Within the broad equity universe, however, the declines have been very uneven. The worst performing sector this year has been U.S. large growth, especially the familiar technology companies that dominate financial media coverage. The Russell 1000 growth index, an index of U.S. large growth companies, has fallen more than 27% this year, on track for its worst calendar year performance since 2008. The more concentrated Nasdaq 100 index is down 33% year-to-date.
In contrast, value companies have outperformed (on a relative basis) by a wide margin, and this is true for both small and large capitalization stocks. The Russell 1000 value index is down by a far more modest 9.1% year-to-date. According to the Russell 1000 equity indexes, large value stocks have outperformed large growth stocks by 18.2% in 2022. This is the best calendar year outperformance for the value premium since 2000.
Small companies are outperforming large companies this year, as well.
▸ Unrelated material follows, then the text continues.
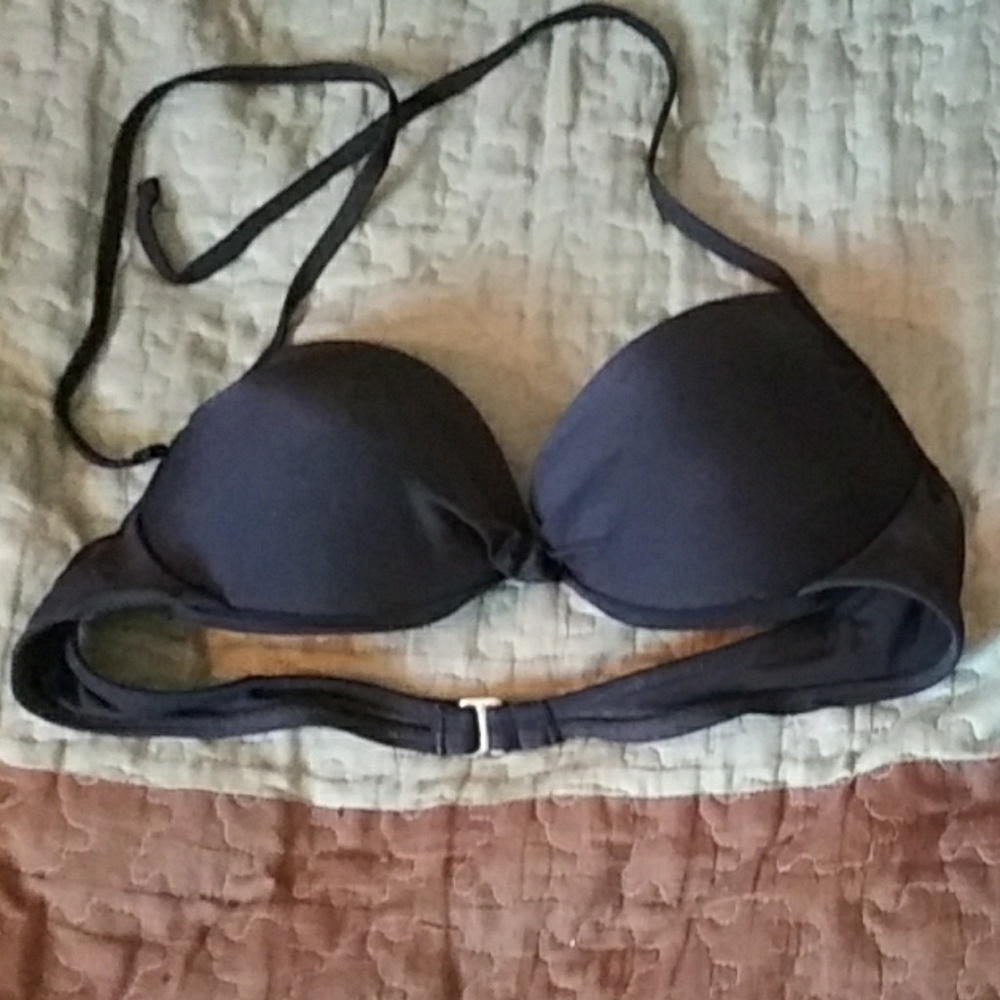 Women's bathing suit top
For the first 10 months of 2022, the S&P 600 index of small U.S. stocks outperformed the Russell 1000 index of large stocks by about 5½%. U.S. companies that fit both small and value categories are down a relatively modest 6% through October 31, far better than U.S. stocks overall. And finally, highly profitable companies are also having a good year on a relative basis.
While the factor performance differentials are large this year, they are still small compared to the early years of this century. In the first three years of the 2000s, value outperformed growth by a whopping 41%, and small outperformed large by almost as much (38.5%). Factor outperformance often arrives this way — in unpredictable and outsized bursts. Because of this pattern, investors can sometimes lose patience in these strategies that don’t “work” year in and year out.
According to academic research, we know that structuring portfolios to capture certain risk factors (size, value, and profitability) should lead to enhanced performance over time. This year, negative total figures across the board are obscuring an underlying market dynamic, namely, a strong bull market in the performance of these factors. When we dive deeper into the relative performance of various market segments, the “hidden” bull market of 2022 is finally revealed.